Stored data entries
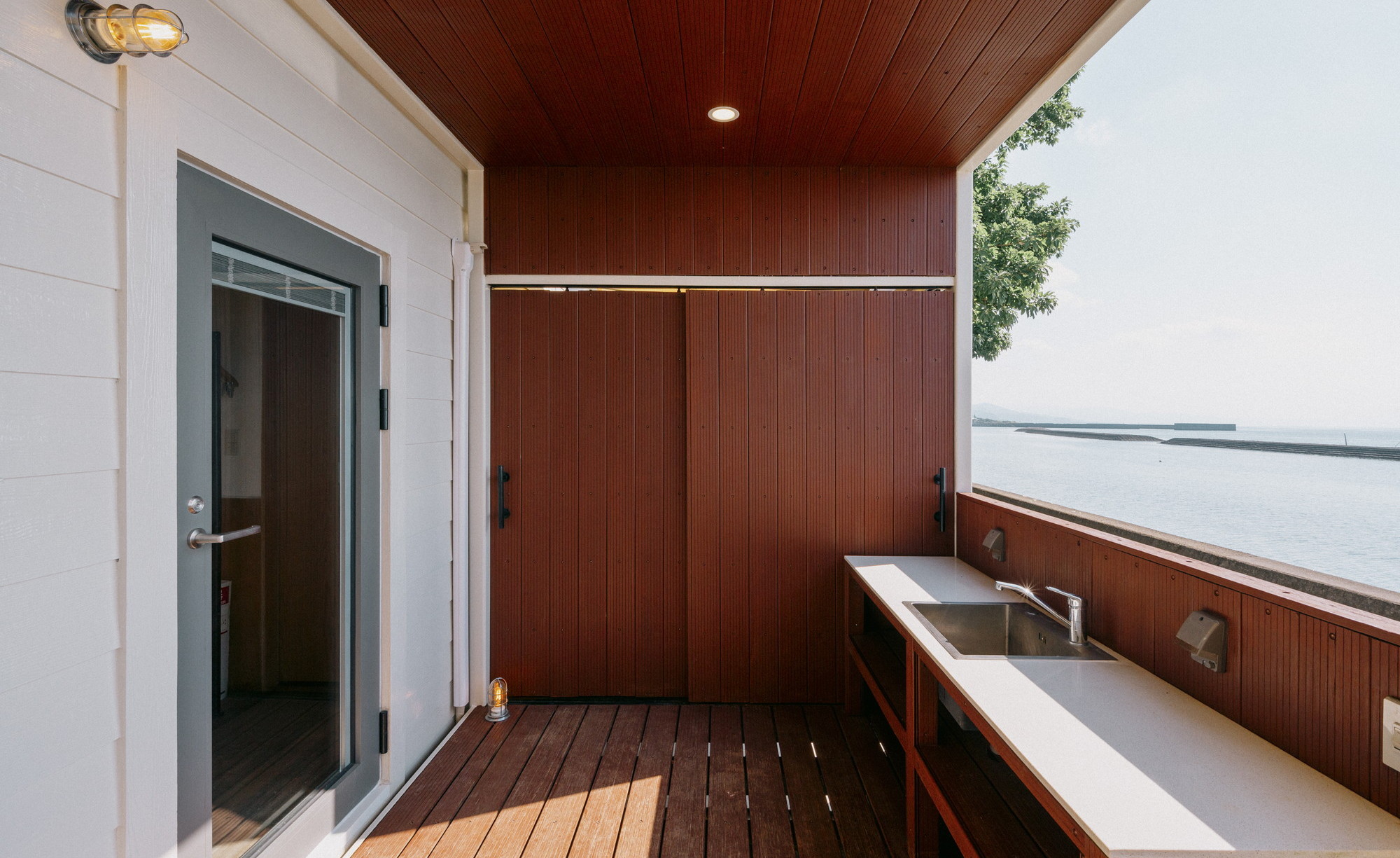 海眺望｜露天風呂付トレーラーS01／シモンズシングル&times;4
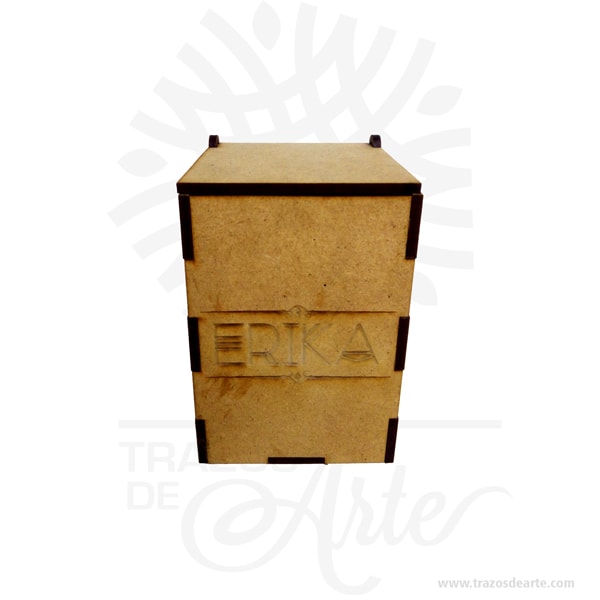 Caja en madera MDF de 3 mm para personalizar 7 X 7 X 10 cm,  acabado al natural. Son cajas artesanales cortadas en láser, tambien son perfectas para guardar joyas y cosas pequeñas. Este es un maravilloso regalo, suvenir; empresarial o para amigos y familiares. Puede  ser un Proyecto en madera si deseas pintarla. Diseños personalizados, hacemos estos mismos diseños en cajas de diferentes tamaños. El joyero es una caja que sirve para contener, guardar y conservar pequeños objetos ornamentales para el cuerpo puede contener joyas o bisutería, si la calidad del recubrimiento de un adorno de bisutería fina es buena, puede ser prácticamente indistinguible de una joya. En nuestros productos usamos madera sostenible y certificada, para proteger el medio ambiente. Tenga en cuenta que la madera es un material único, por lo que cuándo lo reciba será similar, no exactamente al de la foto. Caja en madera MDF de 3 mm para personalizar 7 X 7 X 10 cm Material: Madera MDF 3 mm Color: Descripción en foto Tamaño: 7 x 7 x 10 cm Corte láser. Vendido y enviado por: Trazos de Arte. Envió rápido y seguro. Fecha estimada de entrega: De 5 a 7 días (en Bogotá, Medellín, Cali), al resto del  país de 7 a 14 días. Personalización Realice un pedido personalizado, podemos agregar lo que desee, como nombre, fecha, frase, logotipo, imagen o empaque regalo. Ofrecemos: Grabado por láser, grabado CNC Router, sublimado o papel adhesivo, el precio varía según el tipo de personalización que desee, encontrara más información en Servicios en nuestro menú secundario. Si desea cotizar o tiene preguntas presione el botón Cotizar personalización con gusto las responderemos.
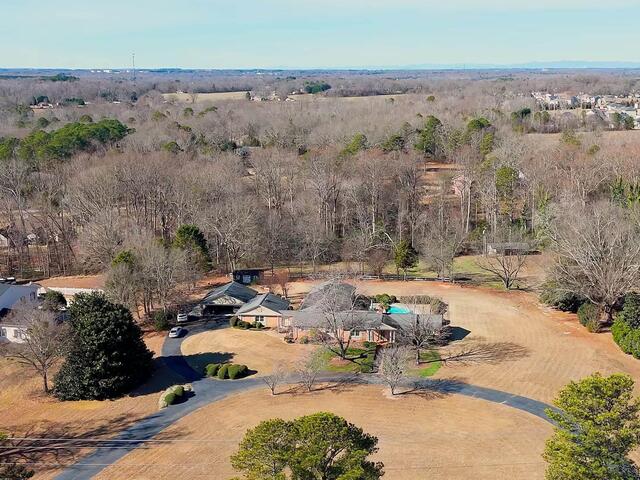 Photo of 136 Club Drive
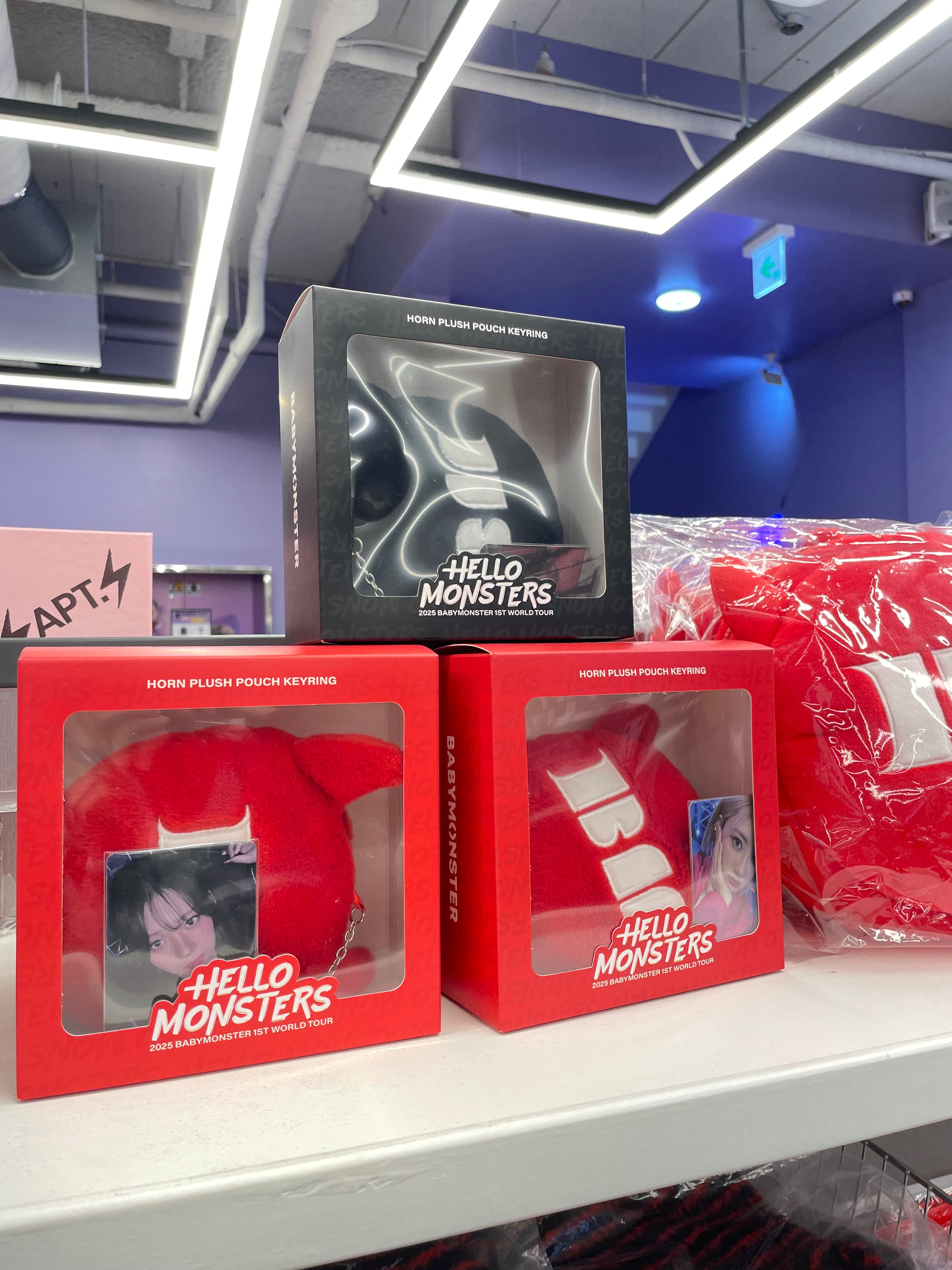 【HELLOMONSTERS】小惡魔角絨毛鑰匙圈收納包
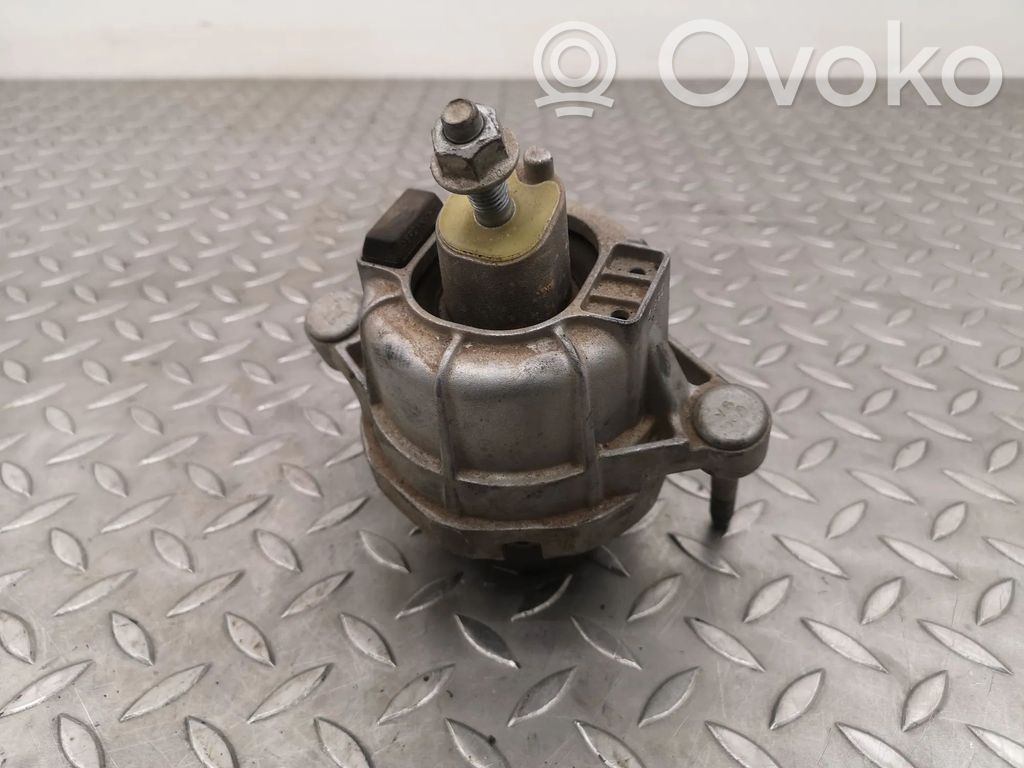 Chevrolet Corvette C7 Engine mount bracket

Exercise objective ::
Print every entry above again without changing a word, and omit the pictures.

Result for this exercise ::
 海眺望｜露天風呂付トレーラーS01／シモンズシングル&times;4
 Caja en madera MDF de 3 mm para personalizar 7 X 7 X 10 cm,  acabado al natural. Son cajas artesanales cortadas en láser, tambien son perfectas para guardar joyas y cosas pequeñas. Este es un maravilloso regalo, suvenir; empresarial o para amigos y familiares. Puede  ser un Proyecto en madera si deseas pintarla. Diseños personalizados, hacemos estos mismos diseños en cajas de diferentes tamaños. El joyero es una caja que sirve para contener, guardar y conservar pequeños objetos ornamentales para el cuerpo puede contener joyas o bisutería, si la calidad del recubrimiento de un adorno de bisutería fina es buena, puede ser prácticamente indistinguible de una joya. En nuestros productos usamos madera sostenible y certificada, para proteger el medio ambiente. Tenga en cuenta que la madera es un material único, por lo que cuándo lo reciba será similar, no exactamente al de la foto. Caja en madera MDF de 3 mm para personalizar 7 X 7 X 10 cm Material: Madera MDF 3 mm Color: Descripción en foto Tamaño: 7 x 7 x 10 cm Corte láser. Vendido y enviado por: Trazos de Arte. Envió rápido y seguro. Fecha estimada de entrega: De 5 a 7 días (en Bogotá, Medellín, Cali), al resto del  país de 7 a 14 días. Personalización Realice un pedido personalizado, podemos agregar lo que desee, como nombre, fecha, frase, logotipo, imagen o empaque regalo. Ofrecemos: Grabado por láser, grabado CNC Router, sublimado o papel adhesivo, el precio varía según el tipo de personalización que desee, encontrara más información en Servicios en nuestro menú secundario. Si desea cotizar o tiene preguntas presione el botón Cotizar personalización con gusto las responderemos.
 Photo of 136 Club Drive
 【HELLOMONSTERS】小惡魔角絨毛鑰匙圈收納包
 Chevrolet Corvette C7 Engine mount bracket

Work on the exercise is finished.